高峰秀子

 今週はBS2で深夜に成瀬巳喜男の映画をやっている。昨夜は「妻の心」、今夜は「あらくれ」、どちらも代表作といえるほどの出来ではなさそうだが、それでもついつい見てしまうのは主演が高峰秀子だから。原節子が咲き誇る薔薇だとしたら、高峰秀子朝顔だろうか。居るだけで画面が華やかで上品になる原節子に対し、高峰秀子は一見あっさり淡白な印象。しかし見れば見るほど凄味のある演技力と独特の個性に魅せられる。目が少し開いたその丸顔が美しく見えて仕方がなくなるし、ちょっと蓮っ葉な声と口調もたまらなく魅力的に感じられてくる。この稀代の名女優をもっとも魅力的に撮ったのが成瀬巳喜男だった。だから、小津・原作品と並んで成瀬・高峰作品も日本映画の至宝だ。
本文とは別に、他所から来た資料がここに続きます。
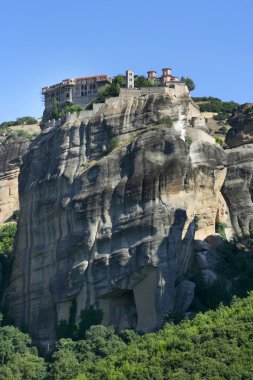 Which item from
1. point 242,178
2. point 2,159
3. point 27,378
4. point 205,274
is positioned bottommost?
point 27,378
 高峰秀子にはいくつかの著書がある。とくに自伝の『わたしの渡世日記』を読むと、この名女優の背後にある特別な人生経験を知り、それを語る筆に並々ならぬ知性を感じることができる。また、この人と黒澤明が一時恋仲だったというファンにとっては数十年を隔ててなお胸騒ぐ証言に驚かされたりもする。もちろん戦後の日本映画絶頂期の記録としても貴重な一書だ。